Las contramarchas en la economía

Cada decisión exige la discusión y un análisis profundo.

08 Abril 2002
En estos tiempos de incertidumbre y desconfianza que vive el país respecto de la política que se lleva adelante desde el Gobierno, se hace indispensable que cada una de las medidas y las decisiones que se adopten sean irrefutables por los distintos sectores de la sociedad.
Eso, precisamente, no ocurrió con el anuncio de que a partir del 3 de enero del año próximo los ahorristas iban a poder comenzar a retirar sus depósitos. Todo dependía de la capacidad que tuviera cada banco. En sólo 72 horas, la disposición del Banco Central fue apelada por las entidades crediticias y en forma conjunta con el Poder Ejecutivo echaron por tierra la ilusión de quienes están encerrados en el corralito financiero.
Resulta inadmisible que el Banco Central (BCRA) tome una decisión de este tipo sin consultar previamente tanto al Poder Ejecutivo como a los bancos. Sin embargo lo hizo, y su resolución no duró nada.
Desde el Poder Ejecutivo se apuesta ahora que la gente que tiene sus ahorros olvide esta desinteligencia y no reglamentará la devolución de los depósitos que dispuso el BCRA.
La imprudencia de poner en marcha un tema tan sensible para la población que no se cansa de protestar en contra del corralito, no sólo causa malestar a los ahorristas sino también acrecienta la inseguridad de los habitantes. No es fácil de soportar un Gobierno que dicta medidas hoy y las cambia mañana.

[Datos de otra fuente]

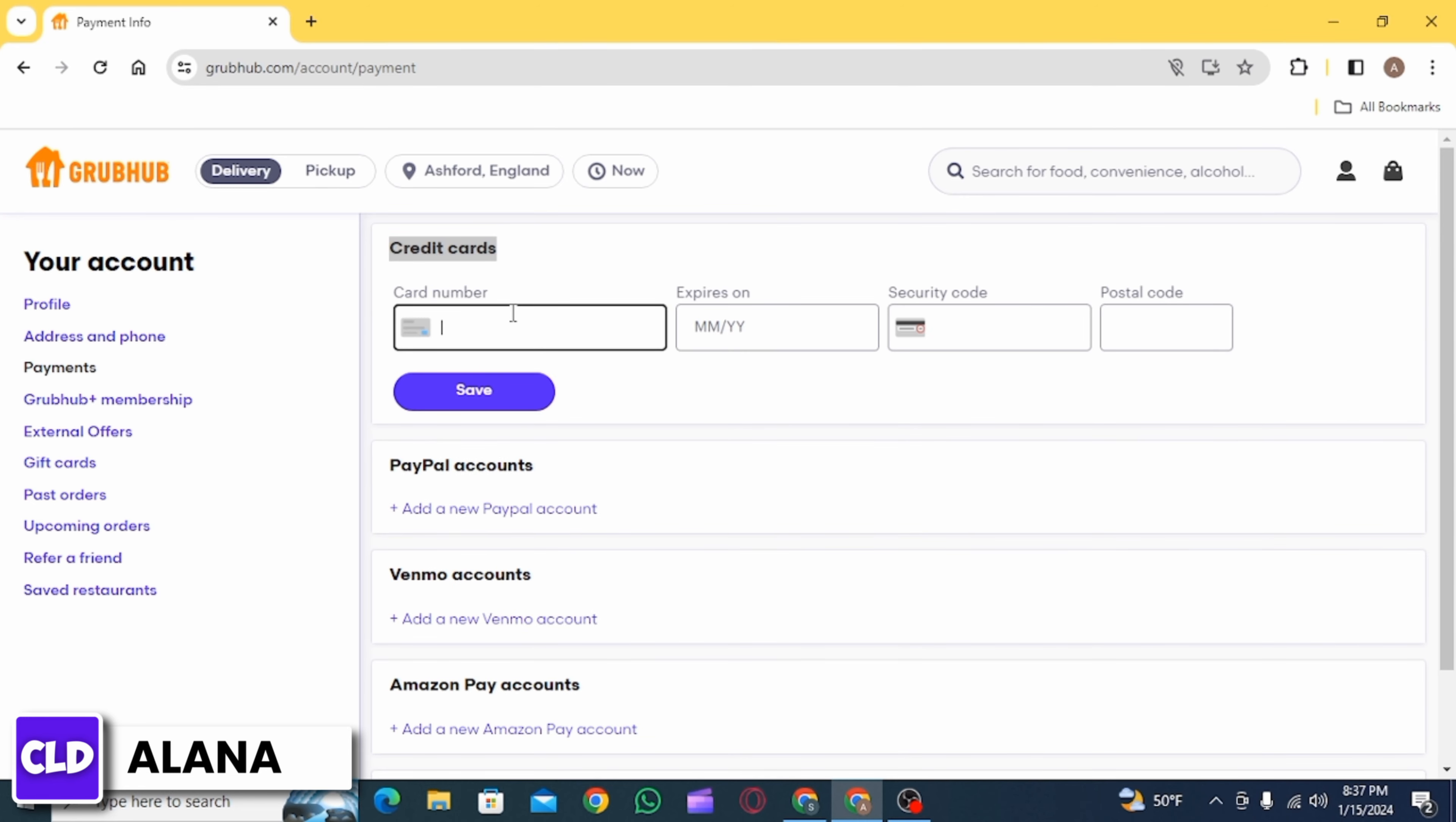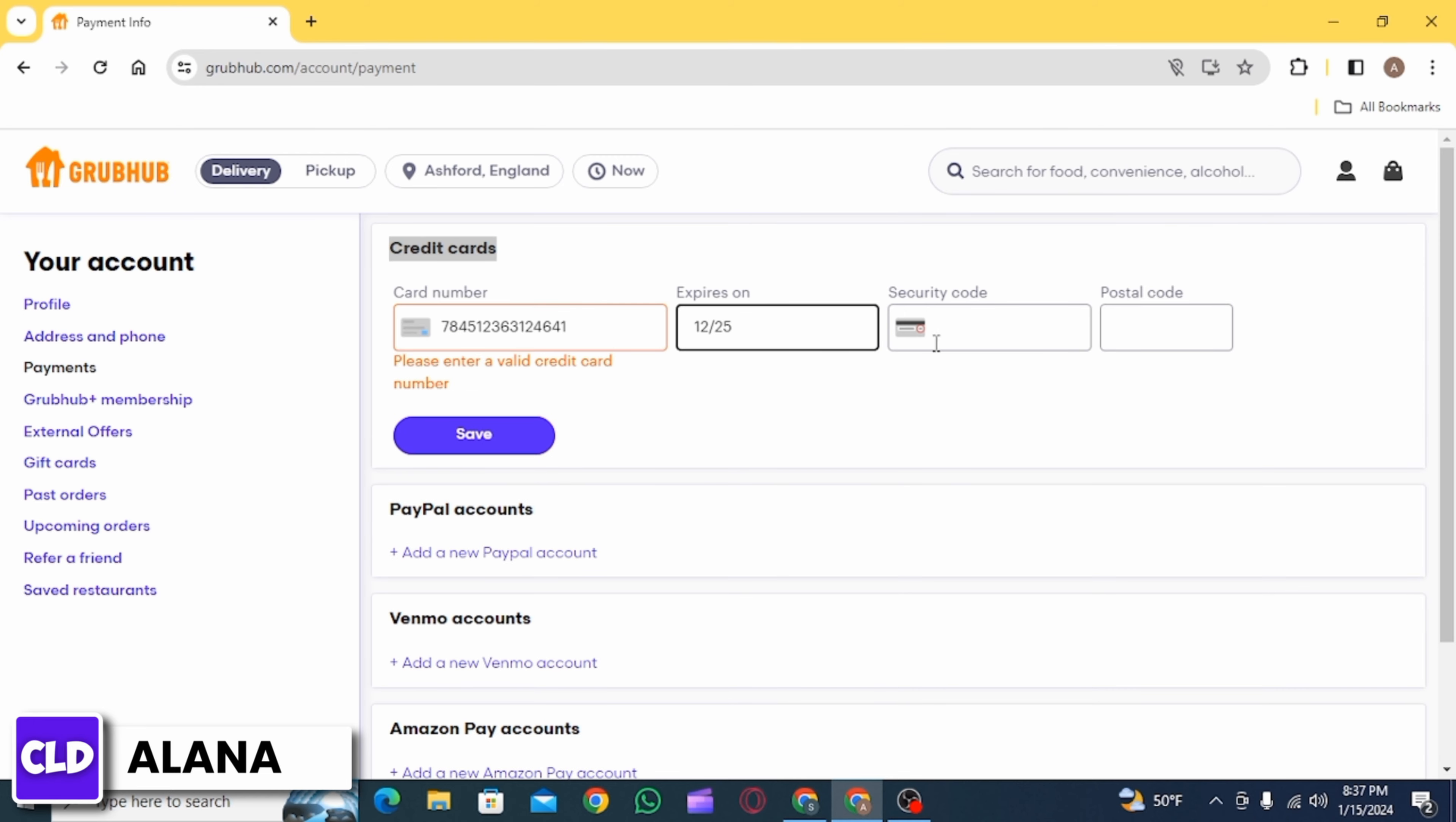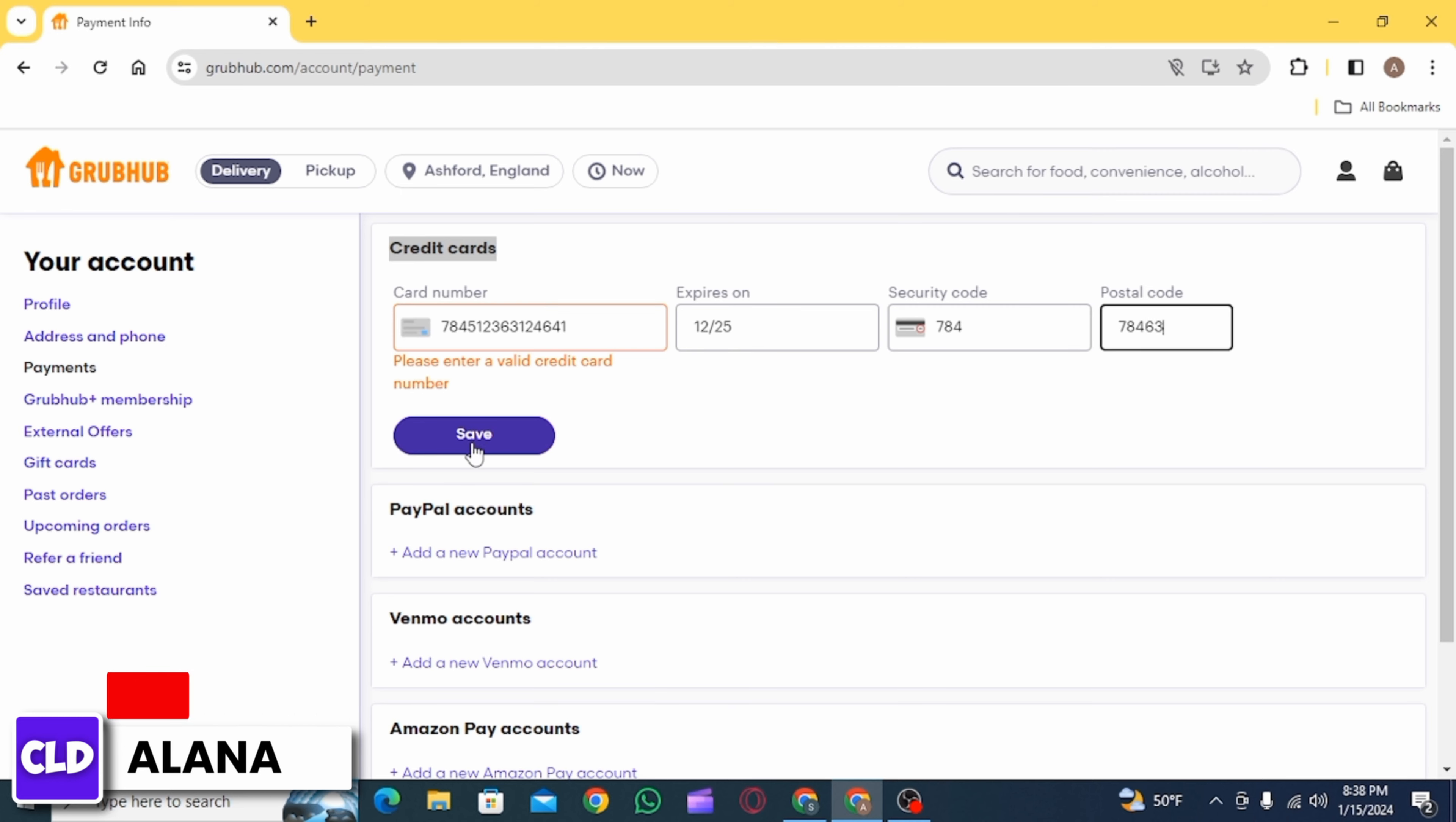Then enter your credit card number. Now enter the expiry date. After that, enter the security code and then enter your postal code. Now click on the save button and your credit card will be added. And that's it.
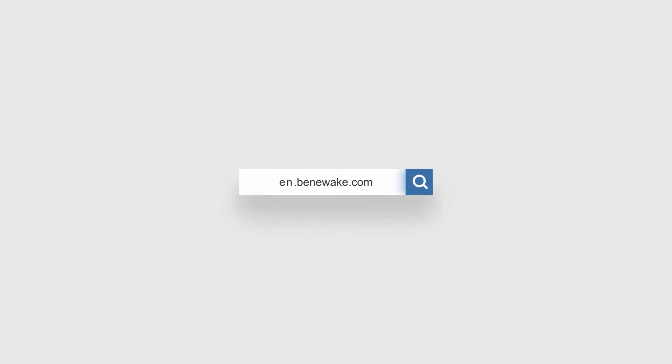Please consult Benavik's website for details. Thank you.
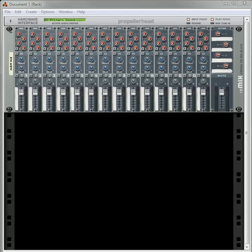Hi there, this is Rob at Reason101.net and I'm here to show you how to parallel compress your drums using Redrum.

Parece que el gobierno de Eduardo Duhalde nació con este estigma desde el primer día en que anunció que los ahorros en dólares se iban a devolver en dólares y después terminó pesificando y devaluando la moneda argentina.

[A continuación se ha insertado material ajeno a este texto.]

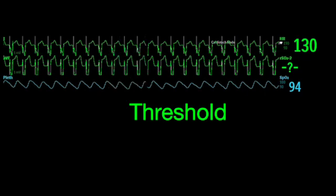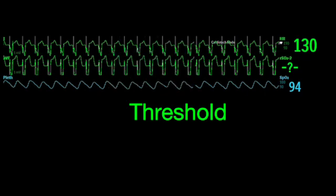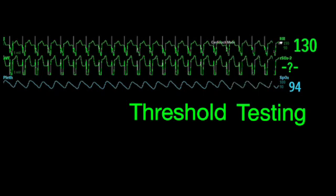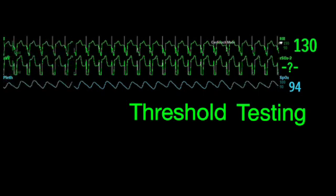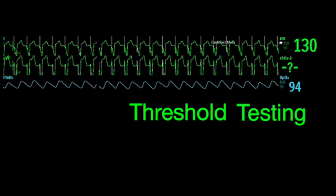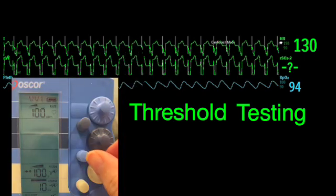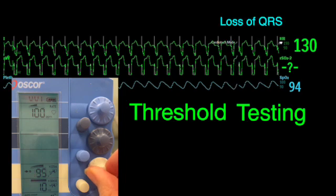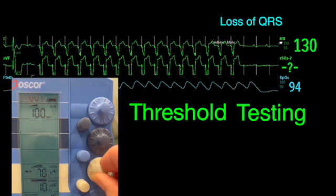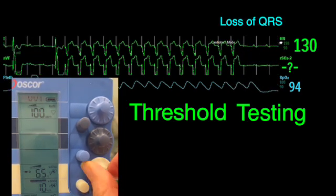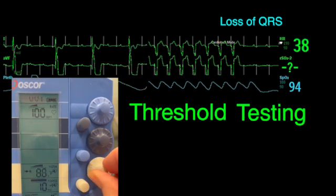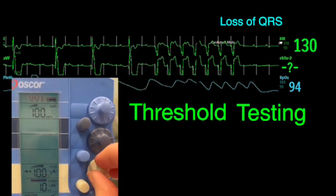To determine what to set the output at, we need to figure out the pacemaker threshold. Threshold is the minimum current needed to capture the myocardium. Threshold testing should be done daily if the patient is pacing, because this number will change over time. To test the capture threshold, slowly turn down the output while closely watching the monitor. When you see the pacing spikes but no following P wave or QRS, that is the threshold.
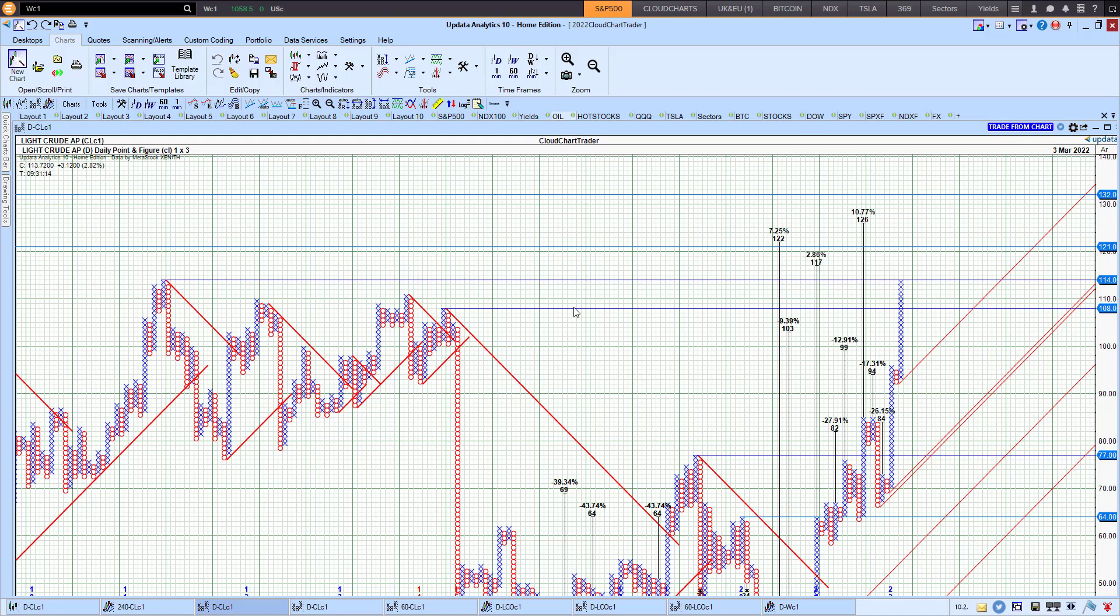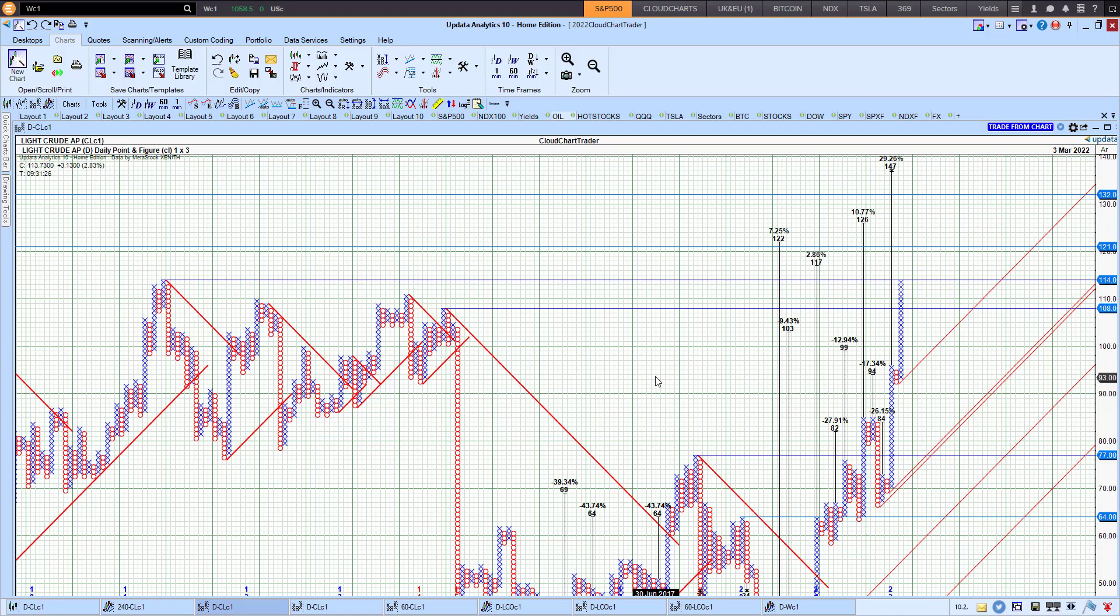And we can also look at where this upside target is. There's another whopping 147 upside target, another 30% rally in oil can be expected in view of the Russian-Ukrainian invasion.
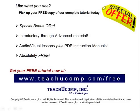Like what you see? Pick up your free copy of the complete tutorial at www.teachucomp.com/free.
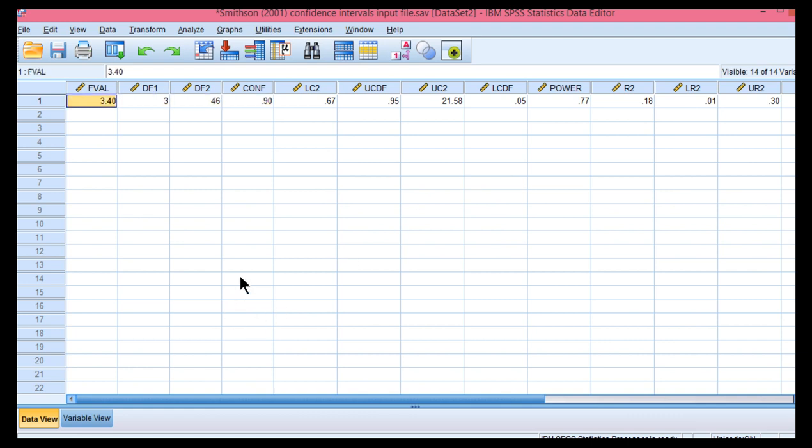So, that is how to calculate accurate 95% or 90% confidence intervals for a multiple r-squared value, which you can't get in SPSS, and that's true even if you had bootstrapping.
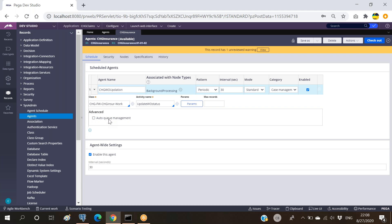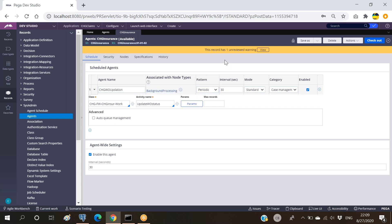AQM means Auto Queue Management. By the name 'queue' itself we understand there will be pending tasks, similar to when working with work queue or work basket - that is the place holding all pending items. This work queue or work basket, when assigned to a partner operator, gives them access to work on it. If an operator picks up a work queue item, that item is automatically removed from the queue and considered completed. The same concept applies to Auto Queue Management.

La sociedad, que está esperando respuestas serias y pensadas en su beneficio, ratifica que muchas veces las máximas autoridades del Poder Ejecutivo actúan movidas por el efecto de acción-reacción antes que por la sensatez de sus actos de Gobierno.
La vuelta atrás de esta medida desató una verdadera crisis dentro del gabinete nacional. El ministro de Economía Jorge Remes Lenicov dijo que desconocía que el Banco Central que conduce Mario Blejer iba a lanzar la apertura del corralito a partir del 3 de enero de 2003. Sin dudas era una exigencia del Fondo Monetario Internacional y se trató de satisfacer casi sin analizar al organismo que monitorea las cuentas de la República Argentina. Sin embargo, los bancos no están en condiciones de soportar tamaña decisión, que puede provocar el cierre definitivo de muchas entidades.
Los errores políticos del Gobierno desataron una interna de la que nadie se hace cargo. Pero, lo que es peor, los ahorristas seguirán atados al viejo esquema de devolución de sus depósitos y suman una nueva desilusión sobre la conducción de los políticos argentinos.
La única reacción que tuvo el equipo de Duhalde es que lanzará una campaña para que los "acorralados" se vuelquen al canje de plazos fijos por bonos que mantendrán sus valores en pesos o en dólares.
Es cierto que entre las exigencias del FMI figura la apertura del corralito. También es real que Duhalde está desesperado por lograr la ayuda financiera que tanto hace falta. Sin embargo, el país no puede actuar como un caballo desbocado que se mueve según los estímulos del momento. Cada decisión exige la discusión profunda y el análisis de las consecuencias que traerá. De lo contrario, será, una vez más, un fracaso de la gestión y una nueva frustración para la sociedad.